Suharyono mengatakan sebelumnya tim dokter forensik independen juga telah mengungkap penyebab kematian Afif bukan karena penganiayaan melainkan akibat jatuh dari ketinggian dan terbentur benda keras.
“Kita sudah mengetahui bersama bahwa keputusan ketua tim dan anggotanya yang terdiri tidak kurang 15 dokter forensik itu sudah menyatakan penyebab kematian Afif Maulana bukan karena penganiayaan,” tuturnya.

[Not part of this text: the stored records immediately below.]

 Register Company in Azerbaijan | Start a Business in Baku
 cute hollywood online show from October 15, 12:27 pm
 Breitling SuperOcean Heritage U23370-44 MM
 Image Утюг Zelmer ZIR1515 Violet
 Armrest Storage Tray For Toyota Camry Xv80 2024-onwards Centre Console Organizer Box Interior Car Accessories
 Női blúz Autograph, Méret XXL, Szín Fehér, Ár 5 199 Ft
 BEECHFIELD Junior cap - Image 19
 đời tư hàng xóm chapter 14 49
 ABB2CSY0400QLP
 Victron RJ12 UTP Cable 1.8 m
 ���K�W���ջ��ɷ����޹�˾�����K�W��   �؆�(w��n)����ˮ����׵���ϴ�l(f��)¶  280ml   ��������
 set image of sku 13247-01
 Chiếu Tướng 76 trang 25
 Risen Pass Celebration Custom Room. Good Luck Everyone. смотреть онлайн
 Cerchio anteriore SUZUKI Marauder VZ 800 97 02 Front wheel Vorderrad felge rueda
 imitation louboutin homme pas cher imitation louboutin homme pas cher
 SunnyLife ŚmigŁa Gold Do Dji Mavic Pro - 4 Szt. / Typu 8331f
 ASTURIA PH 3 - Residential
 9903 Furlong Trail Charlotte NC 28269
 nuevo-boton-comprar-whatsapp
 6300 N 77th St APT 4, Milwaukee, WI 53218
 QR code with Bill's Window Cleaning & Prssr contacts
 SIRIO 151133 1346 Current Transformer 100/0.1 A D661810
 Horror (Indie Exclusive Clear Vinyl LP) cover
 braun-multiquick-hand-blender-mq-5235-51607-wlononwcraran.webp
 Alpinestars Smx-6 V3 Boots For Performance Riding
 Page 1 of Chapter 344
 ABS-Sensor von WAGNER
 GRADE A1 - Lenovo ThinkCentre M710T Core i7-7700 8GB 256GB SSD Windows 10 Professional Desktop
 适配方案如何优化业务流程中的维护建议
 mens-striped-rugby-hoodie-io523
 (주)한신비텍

“Tapi, karena benturan benda keras. Jadi tubuh yang menghampiri benda keras, bukan benda keras yang menghampiri tubuhnya. Itu sebenarnya sudah terekspos sejak empat atau lima bulan yang lalu,” imbuh jenderal bintang dua tersebut.
Suharyono mengatakan walau telah dihentikan, kepolisian tetap mempersilakan pihak keluarga berkoordinasi dengan penyidik apabila nantinya memang ditemukan bukti baru terkait kematian Afif.
“Jika ada bukti-bukti baru yang menguatkan terkait masalah ini, silakan koordinasi dengan penyidik,” ungkapnya.
Lebih lanjut, Suharyono menegaskan penerbitan SP2 Lidik dalam kasus itu bukan karena kepolisian menanggap kematian Afif sebagai hal yang sepele, melainkan sebagai bentuk keseriusan dalam menangani kasus ini dan untuk memberikan kepastian hukum.
“Ini bukan berarti kami menganggap masalah ini sepele. Justru, ini bagian dari keseriusan kami dalam menangani kasus ini agar ada kepastian hukum dan tidak menggantung,” jelasnya.